While not much is known about the Gaofen satellites, a lot can be learned from the Gaofen 1 satellites, which are similar. Each satellite has a mass of roughly 1,100 kg (2,400 lbs) and is based on the CAST-2000 extended spacecraft bus. The Gaofen-11-03 satellite has a lifespan of roughly 5 to 8 years and contains two sets of cameras. The first set of high resolution cameras have a swath of roughly 69 km (43 miles) and the second set of wide field of view cameras have a swath of 830 km (516 miles).

The Gaofen-11-03 satellite is also equipped with a 3-axis stabilization which ensures that the satellites are always pointed towards the Earth. Due to this, an individual satellite is able to revisit every part of the Earth in under 4 days.

A Gaofen-1 satellite (Credit: CAST)

What is the Long March 4B?

The Long March 4B is a 3-stage, medium-lift, liquid-fueled rocket, which has been in service since 1999. It uses hypergolic fuels in all three stages. Long March 4B is an expendable launch vehicle, meaning that none of the stages are recovered.

Long March 4B haiyang 2D
Long March 4B (Credit: Wang Jiangbo/Xinhua)

Stage 1

The Long March 4B’s first stage is 27.91 m long, with a diameter of 3.35 m. It uses unsymmetrical dimethyl hydrazine (UDMH) for fuel and nitrogen tetroxide (N204) for an oxidizer. It has four engines designated YF-21C that use the Gas Generator combustion cycle. For more information on different types of engines, check out Everyday Astronaut’s video and article, “Is SpaceX’s Raptor engine the king of rocket engines?”

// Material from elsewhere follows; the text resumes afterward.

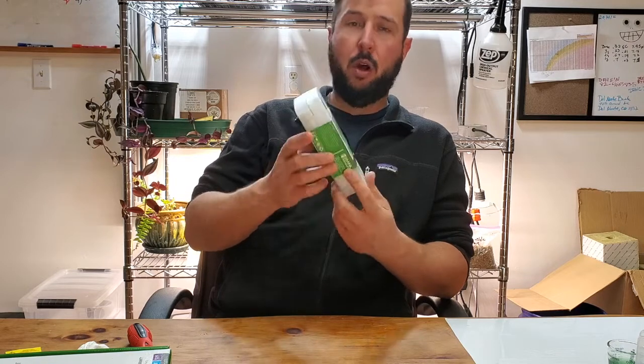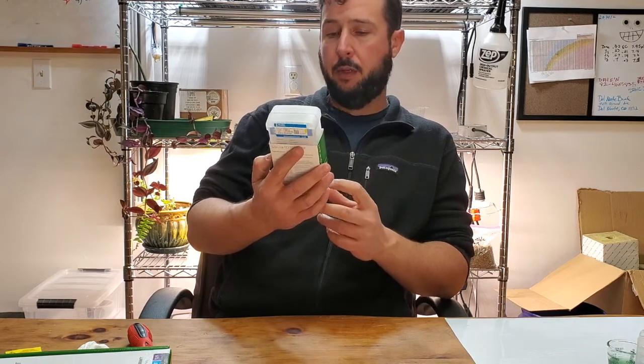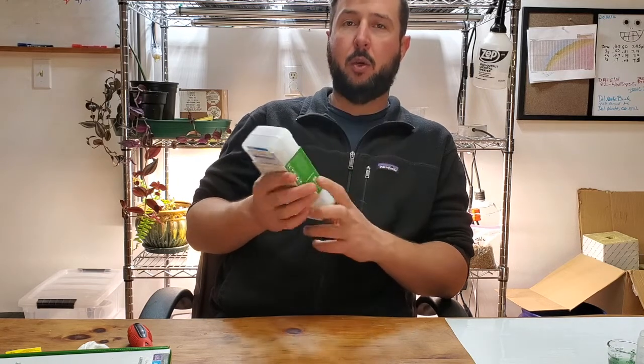The whole thing is waterproof, has automatic shutoff, automatic calibration, and I'll show you how to use the quick calibration with it.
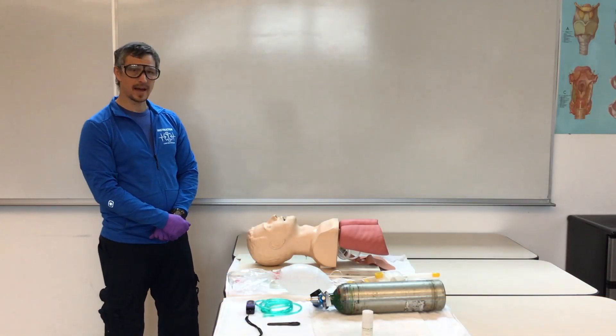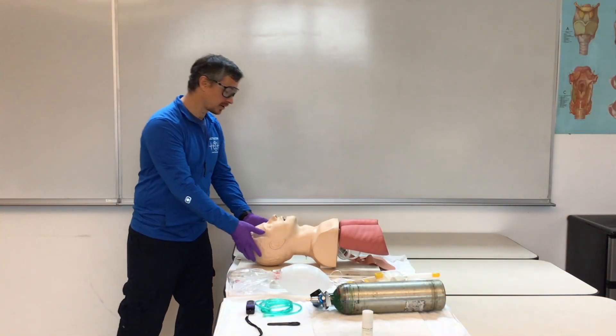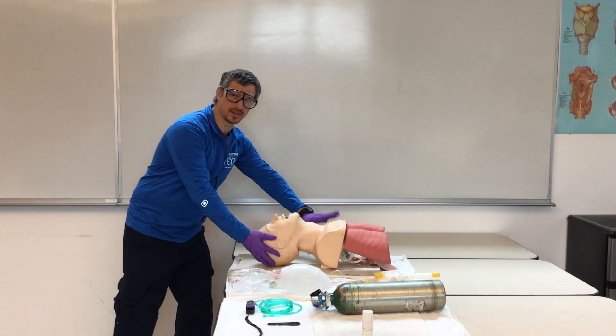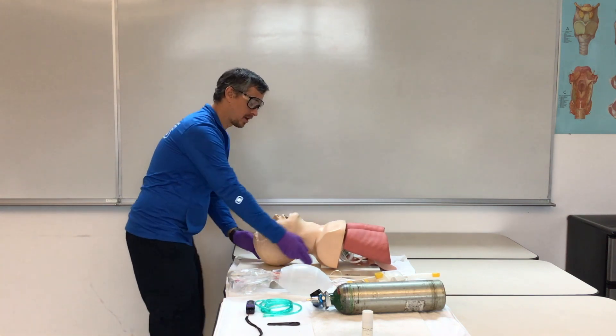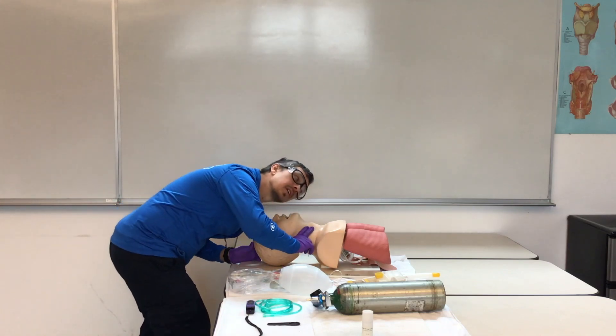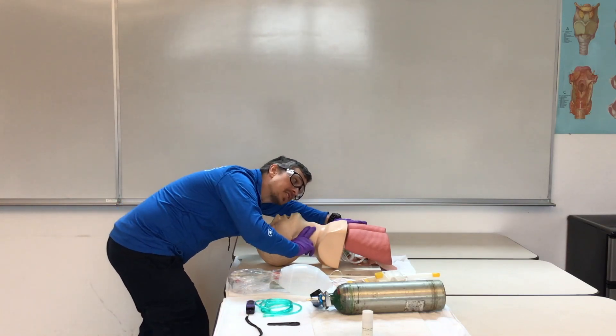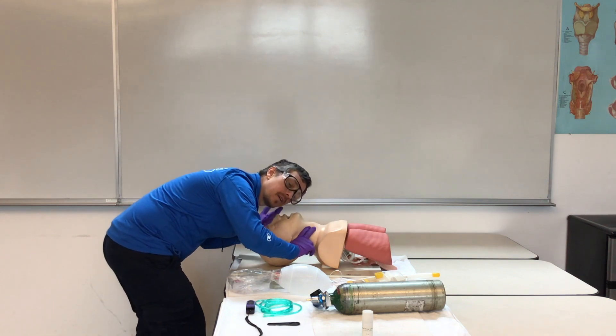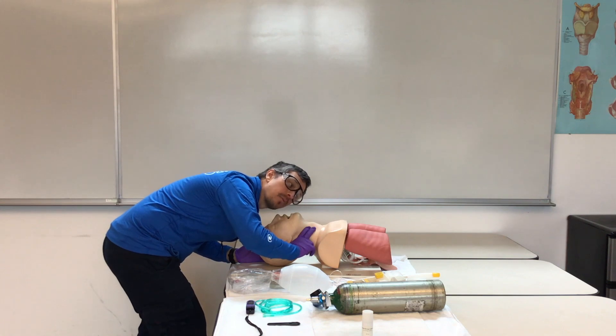To start BVM ventilation on an apnea patient, we're going to open the airway and tap our patient to make sure they're unresponsive. Check that pulse and look down at the chest — we're looking for chest rise and feeling for breath on our face. We have a pulse but no breathing.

The YF-21 is a designation that refers to a cluster of four YF-20 engines mounted together. The stage as a whole has a thrust of around 2,960 kN (666,000 lbf). All the engines together have a combined specific impulse of 2,550 m/s (8,400 ft/s).

Stage 2

The second stage has a length of 10.9 m and a diameter of 3.35 m (same as the first stage). It also uses UDMH and N2O4 as fuel and oxidiser, respectively. The stage uses a single YF-24C engine. YF-24C is a designation that refers to a module of a YF-22C main engine and a set of YF-23C Vernier thrusters for attitude control. The YF-22 is the high altitude version of the underlying YF-20 engine used on the first stage. The thrust of the second stage is 742 kN (166,800 lbf). The specific impulse for the stage is 2,942 m/s (9,650 ft/s) for the main propulsion elements and 2,834 m/s (9,300 ft/s) for the Vernier thrusters.

Stage 3

The third stage is 4.79 m tall and has a diameter of 2.9 m. This stage again uses UDMH and N2O4 as for the two previous stages. The stage uses a pair of YF-40 engines. Each of these engines is a dual combustion chamber, in which each combustion chamber can gimbal for control authority. The YF-40 has a thrust of 103 kN (23,000 lbf) and a specific impulse of 303 seconds.